A very small sphere with positive charge $\mathit{q}\mathbf{=}\mathbf{+}\mathbf{8}\mathbf{.}\mathbf{0}\mathbf{}\mathit{\mu }\mathit{C}$is released from rest at a point $\mathbf{1}\mathbf{.}\mathbf{50}\mathbf{}\mathbf{\text{cm}}$from a very long line of uniform linear charge density $\mathit{\lambda }\mathbf{=}\mathbf{+}\mathbf{3}\mathbf{.}\mathbf{00}\mathbf{}\mathit{\mu }\mathit{C}\mathbf{/}\mathit{m}$. What is the kinetic energy of the sphere when it is $\mathbf{4}\mathbf{.}\mathbf{50}\mathbf{}\mathbf{\text{cm}}$from the line of charge if the only force on it is the force exerted by the line of charge?

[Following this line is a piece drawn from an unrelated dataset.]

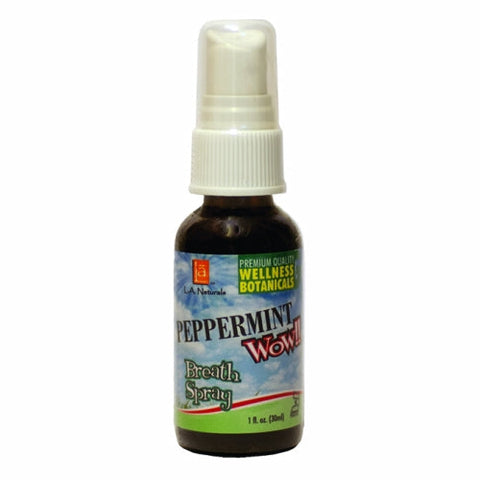 L. A .Naturals, Peppermint Wow Breath Spray, 1 Oz L. A .Naturals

The total energy of a system is constant even though the system undergoes a change, and energy can change forms but is not lost during the process.

${\mathit{K}}_{\mathbf{a}}\mathbf{+}{\mathit{U}}_{\mathbf{a}}\mathbf{=}{\mathit{K}}_{\mathbf{b}}\mathbf{+}{\mathit{U}}_{\mathbf{b}}$

Where K is the kinetic energy and U is the potential energy.

Given data:

• Distance between the sphere and the wire (initial location), $r_a=1.5\text{cm}$.
• Distance between the sphere and the wire (final location), $r_b=4.5\text{cm}$.
• The linear charge density of the wire,$\lambda =3.0\times {10}^{-6}\text{C/m}$.
• Initial kinetic energy,$K_a=0$.
• Charge on the sphere,$q=8\times {10}^{-6}\text{C}$.

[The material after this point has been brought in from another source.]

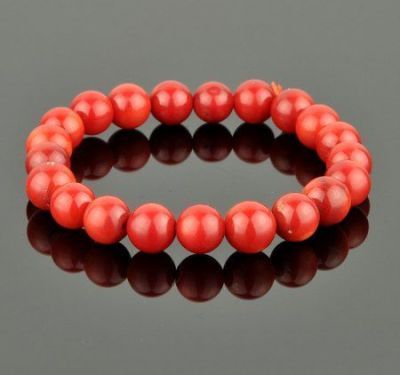 Браслет Коралл "Классика №10" арт. бНКО-1(10)-18-6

From the law of conservation,

$K_a+U_a=K_b+U_b$

Substitute the values, and we get,

$K_b=U_a-U_b$

The electric potential between $a$and $b$is given by,

$V_a-V_b=\frac{\lambda }{2\pi {\epsilon }_0}\ln \frac{r_b}{r_a}$

Substitute all the values in the above equation, and we get,

$$\begin{gathered} V_a-V_b=\frac{3.0\times {10}^{-6}}{2\pi \times 8.85\times {10}^{-12}}\ln \left(\frac{4.5}{1.5}\right) \\ =5.9\times {10}^4\text{V} \end{gathered}$$

Also, the potential between a and b is ;

$$\begin{gathered} U_a-U_b=q\left(V_a-V_b\right) \\ =8\times {10}^{-6}\times 5.9\times {10}^4 \\ =0.472\text{J} \end{gathered}$$

Now, comparing the previous notation with equation (1), and we get,

$K_b=0.472\text{J}$

Thus, the kinetic energy of the sphere will be $\mathbf{0}\mathbf{.}\mathbf{472}\mathbf{}\mathbf{\text{J}}$.